A transaction state is dependent upon the lock state, and the lock is at database level because the database is the resource being shared by user initiated connections. Locks are held by individual connections and those connections can be at process or thread level.

The Sqlite locks are process level file locks and are less efficient when invoked by threads because of the mutexes and extra logic required.

In essence a transaction is a journal file and the transaction lock is a lock on that file. There can be only one journal current for each database file. Sqlite does have some sophistications which increase concurrency. For example it is possible to read a database while a journal file is being built, but not when it is being committed or if you specify an exclusive transaction.

Finally, Sqlite is "lite" and designed towards embedded use rather than enterprise implementations. If you need the features of Oracle, then use it but if you don't Sqlite's small footprint and minimalist nature can be highly beneficial.

John Firebaugh wrote:
You're confusing threads with the context of the connection. When you
call sqlite3_open() you get a single connection to a db. That
connection can then be used across threads, but it is for all intents
and purposes a single line of communication with a database (using it
twice at the same time doesn't somehow multiply that relationship).

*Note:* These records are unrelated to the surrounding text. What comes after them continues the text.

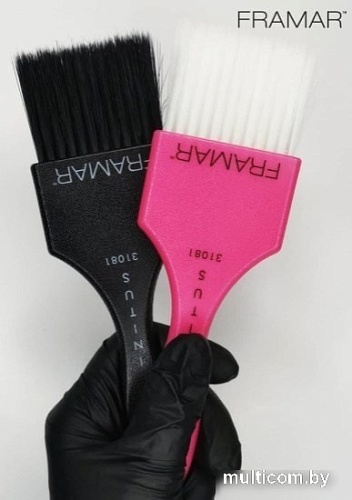 Framar Power Painter 91029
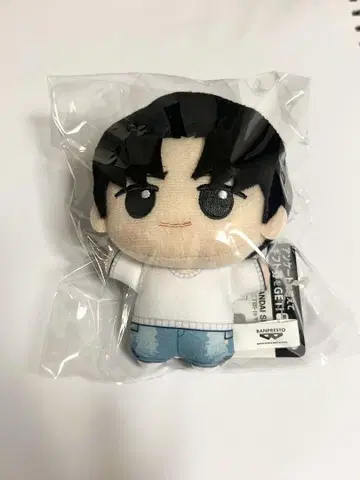TWS tws 용제 봉제 인형 SD 인형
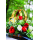 Goldhochzeit Alles Gute Ringe Blumen 50 gold Glückwunschkarte mit Umschlag
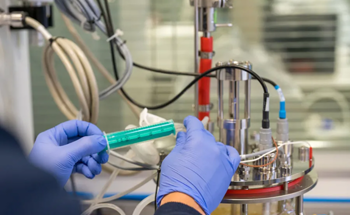 How is Biotechnology Applied in the Plastics Sector?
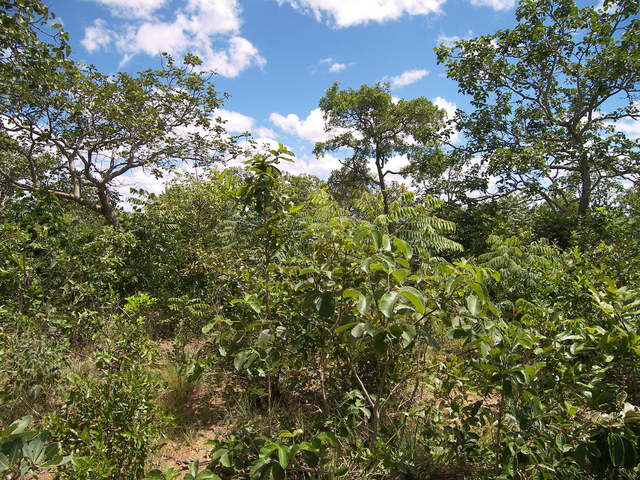 Vista para o Norte.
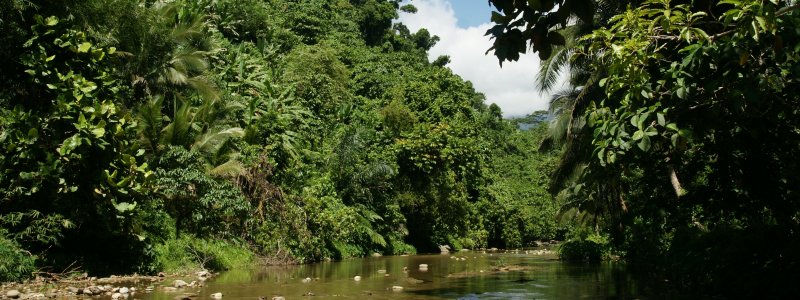 Реки в джунглях маленькие прозрачные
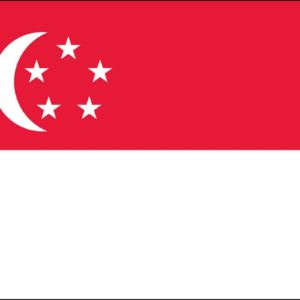Singapore Nylon Flag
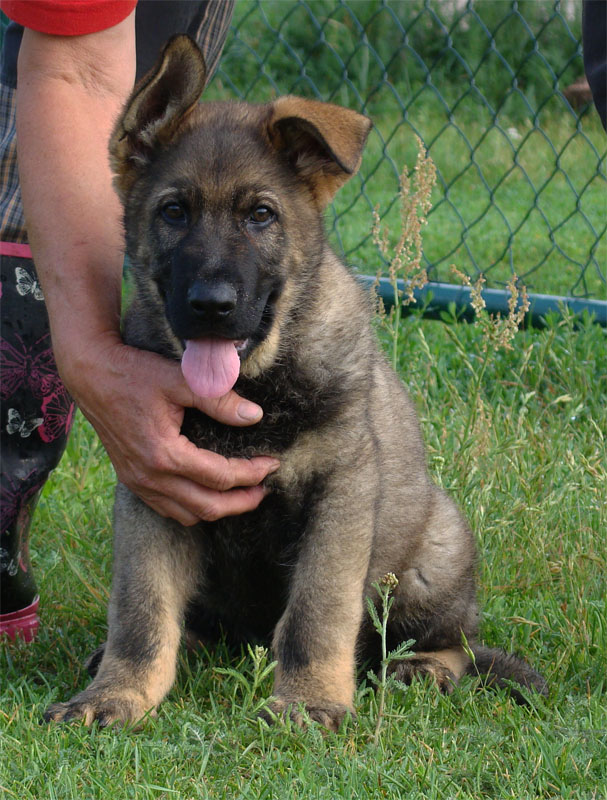 Original image from the archived German Shepherd Puppies - FIN ze Zacpalova chovu record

Thank you for attempting to clarify this for me. You are saying that the
transaction state is part of the connection context, whereas I was
expecting it to be a per-thread-per-connection state.

I had thought, based on the documentation, that there was little or no
functional difference between:

A) Two threads, each of which has its own database connection
B) Two threads, sharing a single database connection

Note that your example of two threads attempting to update the same
record at the same time is consistent with this theory -- in either case
SQLITE_BUSY (or similar) is likely to occur on one of the threads. In my
case, I was also expecting to get SQLITE_BUSY (or similar) with the
second transaction, rather than an error. (I'm well aquainted with the
SQLITE_BUSY behavior and application-level synchronization techniques.)

What else, besides transaction state, is part of the connection context
and shared with shared connections? I know of the page cache, of which
sharing is desired. Anything else to be aware of?